» SOURCE DATA:
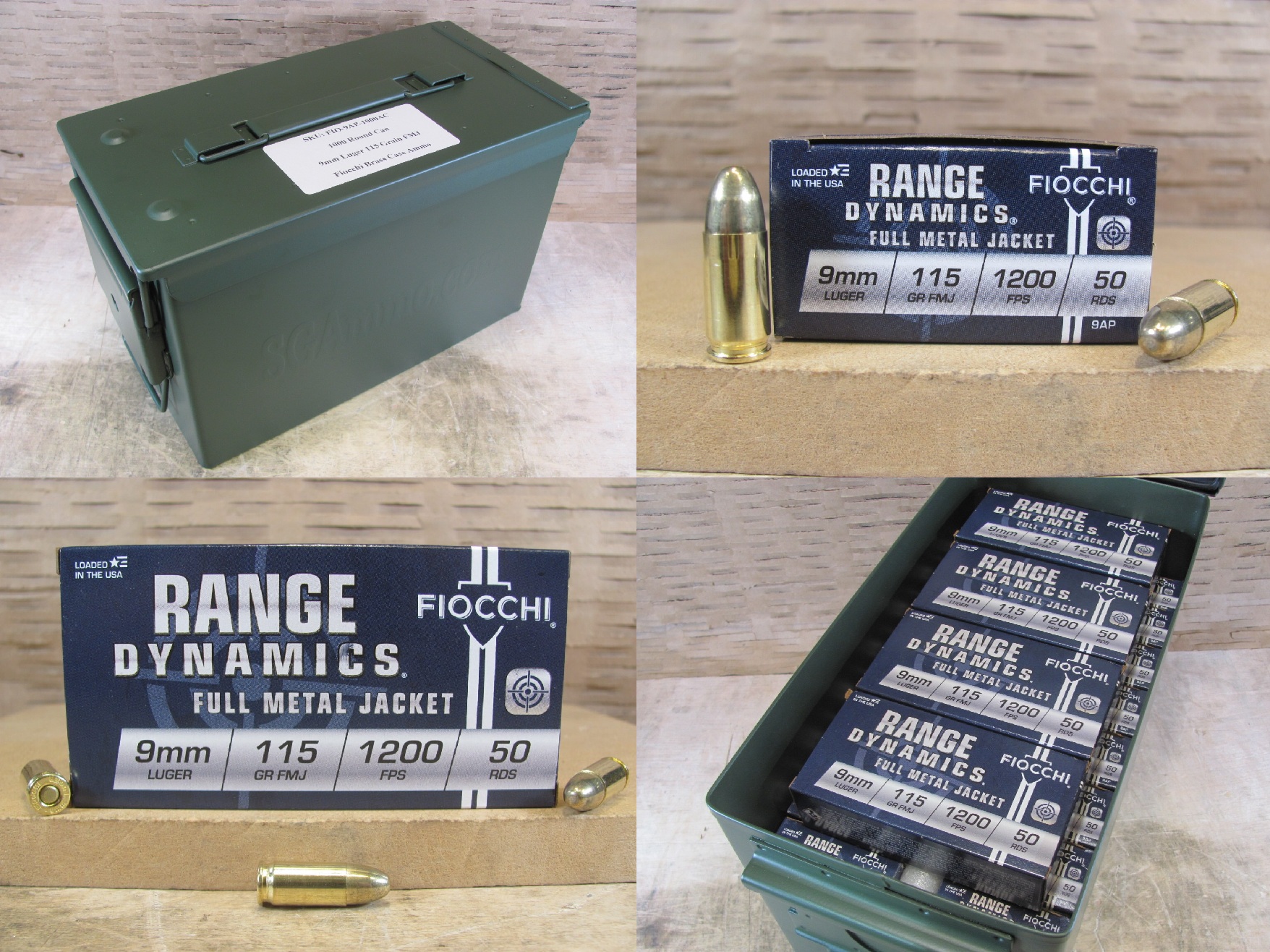 1000 Round Can - 9mm Luger 115 Grain FMJ Ammo by Fiocchi - 9AP - Packed in M2A1 Canister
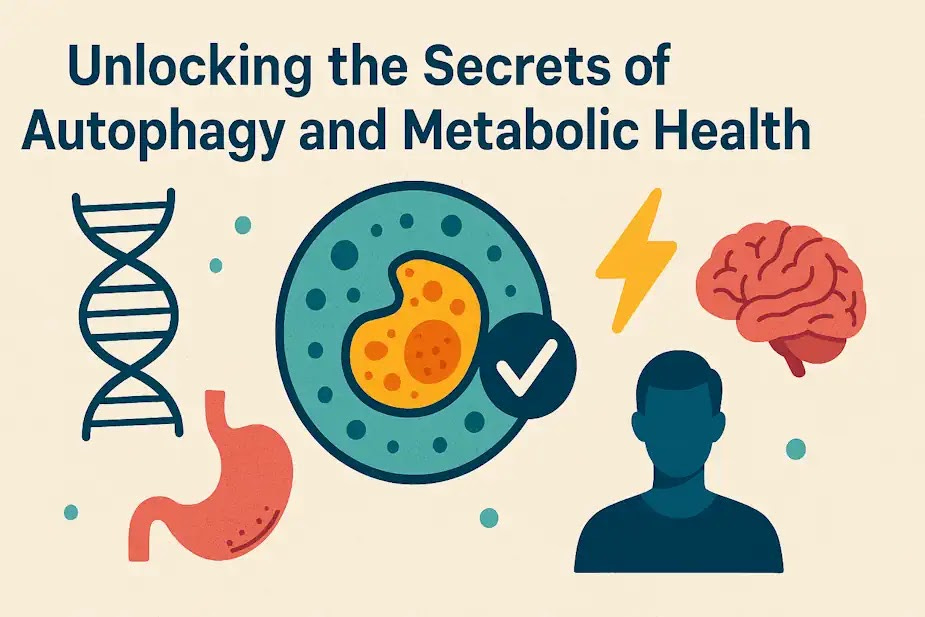 Infographic-style illustration showing autophagy and metabolic health with DNA, mitochondria, and cellular renewal symbols.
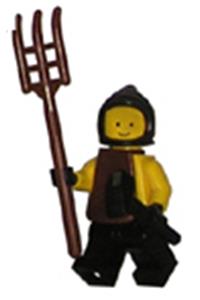 Blacksmith - Black Legs and Hips, Yellow Torso and Arms, Black Hands, Black Cowl, Brown Plastic Cape cas089
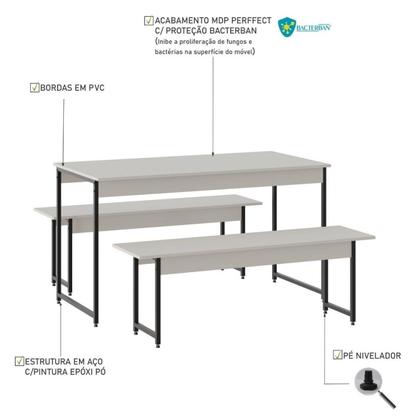 Imagem de Conjunto Mesa de Jantar Industrial com 2 Bancos - Branco/Preto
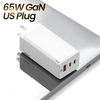 Baseus 65W GaN Charger Quick Charge 4.0 3.0 Type C PD USB Charger with QC 4.0 3.0 Portable Fast Charger For Xiaomi Laptop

» EXERCISE REQUIREMENTS: The response should consist of the lines above from the first through the one containing "Infographic-style illustration showing", transcribed exactly, with every picture left out.

» WRITTEN ANSWER:
 1000 Round Can - 9mm Luger 115 Grain FMJ Ammo by Fiocchi - 9AP - Packed in M2A1 Canister
 Infographic-style illustration showing autophagy and metabolic health with DNA, mitochondria, and cellular renewal symbols.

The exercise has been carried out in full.